All lines up to and including the one that contains "Haus zum Kaufen" are to be transcribed exactly, starting from the first line of the records.

** Opening DATA SHOWN block **

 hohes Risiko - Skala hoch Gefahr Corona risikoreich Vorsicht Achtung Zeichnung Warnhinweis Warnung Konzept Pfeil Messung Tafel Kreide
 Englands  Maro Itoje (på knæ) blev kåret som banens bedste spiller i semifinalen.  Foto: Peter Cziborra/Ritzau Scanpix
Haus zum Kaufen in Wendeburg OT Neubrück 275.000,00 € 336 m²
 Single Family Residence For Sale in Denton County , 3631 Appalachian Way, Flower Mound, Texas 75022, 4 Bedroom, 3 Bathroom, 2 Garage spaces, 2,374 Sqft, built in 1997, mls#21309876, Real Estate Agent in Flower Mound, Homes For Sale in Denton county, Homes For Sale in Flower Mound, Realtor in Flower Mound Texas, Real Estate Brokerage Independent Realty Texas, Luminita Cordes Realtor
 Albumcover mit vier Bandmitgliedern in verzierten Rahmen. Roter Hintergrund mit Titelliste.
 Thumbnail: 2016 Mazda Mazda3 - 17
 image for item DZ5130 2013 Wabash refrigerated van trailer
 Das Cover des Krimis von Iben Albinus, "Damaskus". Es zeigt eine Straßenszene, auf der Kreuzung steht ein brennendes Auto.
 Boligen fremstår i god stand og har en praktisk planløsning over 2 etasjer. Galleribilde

** Closing DATA SHOWN block **

• EXERCISE OUTPUT:
 hohes Risiko - Skala hoch Gefahr Corona risikoreich Vorsicht Achtung Zeichnung Warnhinweis Warnung Konzept Pfeil Messung Tafel Kreide
 Englands  Maro Itoje (på knæ) blev kåret som banens bedste spiller i semifinalen.  Foto: Peter Cziborra/Ritzau Scanpix
Haus zum Kaufen in Wendeburg OT Neubrück 275.000,00 € 336 m²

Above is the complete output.